Drop the images; return everything else in the listing below exactly.

## Data block
********************
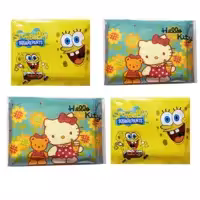 دستمال کاغذی جیبی 10 برگ مدل 2K2B مجموعه 4 عددی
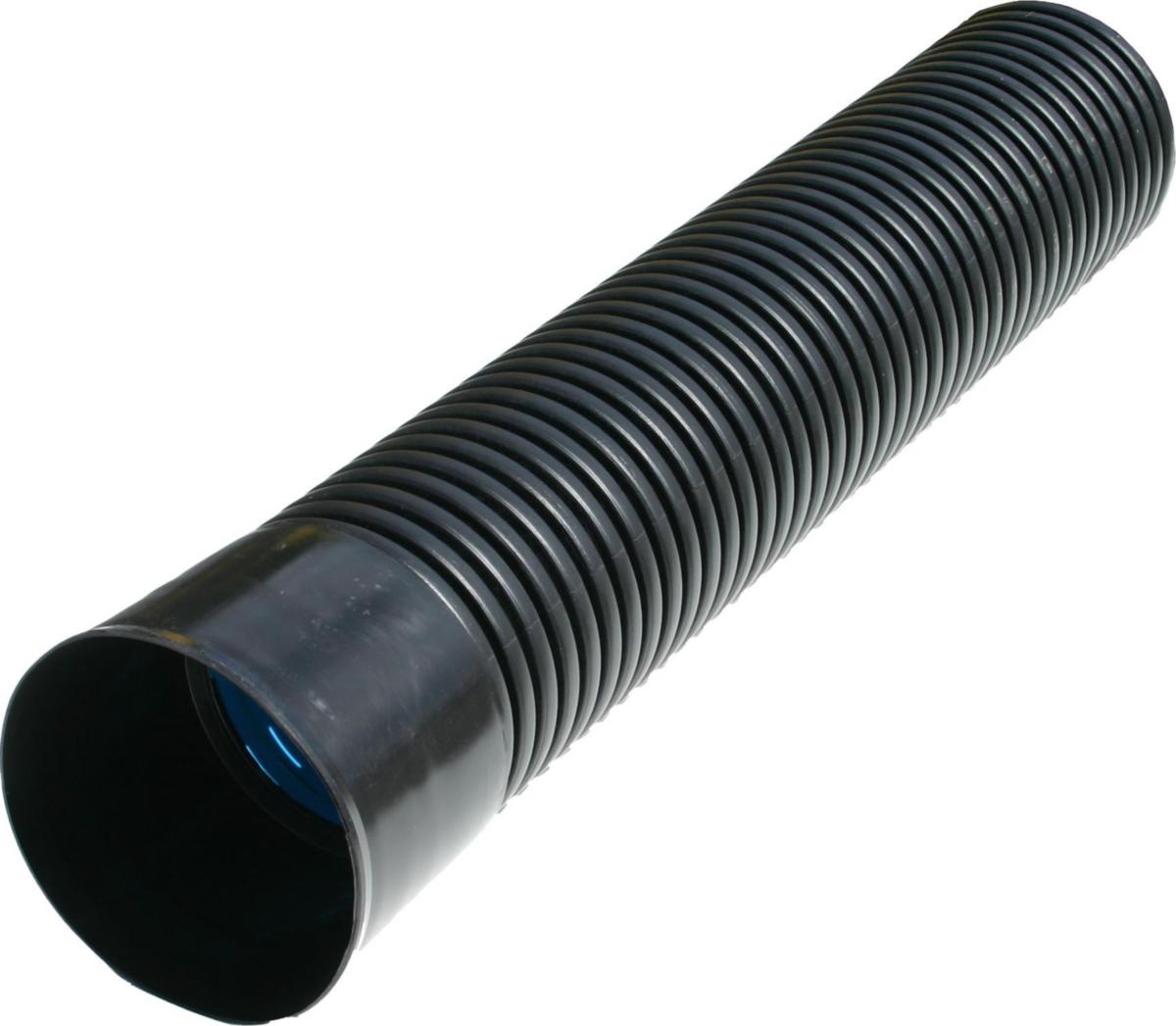 Byggdräneringsrör - 232/200 BYGGDRÄNRÖR PEH L=6M INKL SKARVMUFF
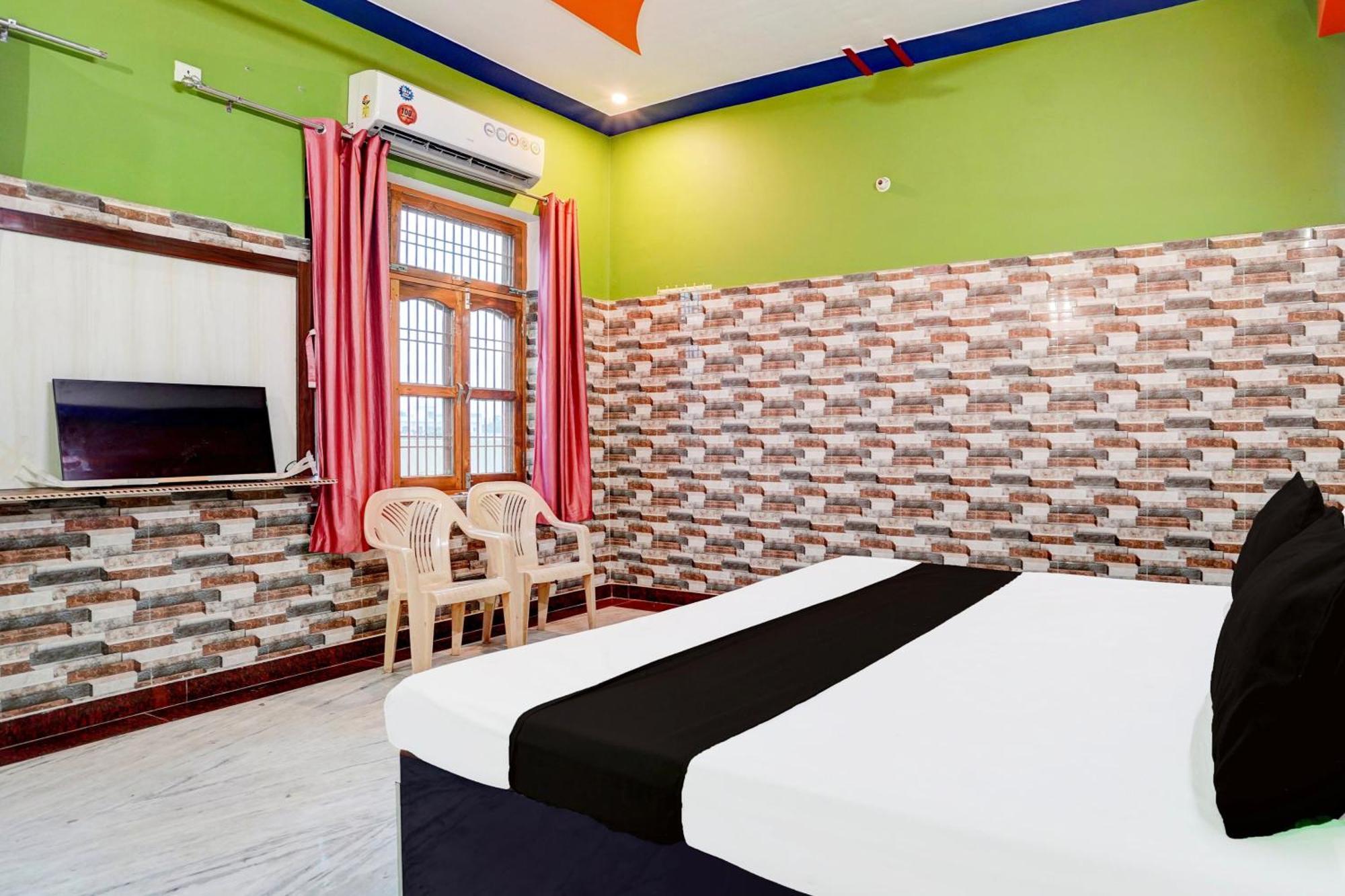 Hotel O J.D. Palace Varanasi Exterior foto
********************
## Finished task
 دستمال کاغذی جیبی 10 برگ مدل 2K2B مجموعه 4 عددی
 Byggdräneringsrör - 232/200 BYGGDRÄNRÖR PEH L=6M INKL SKARVMUFF
 Hotel O J.D. Palace Varanasi Exterior foto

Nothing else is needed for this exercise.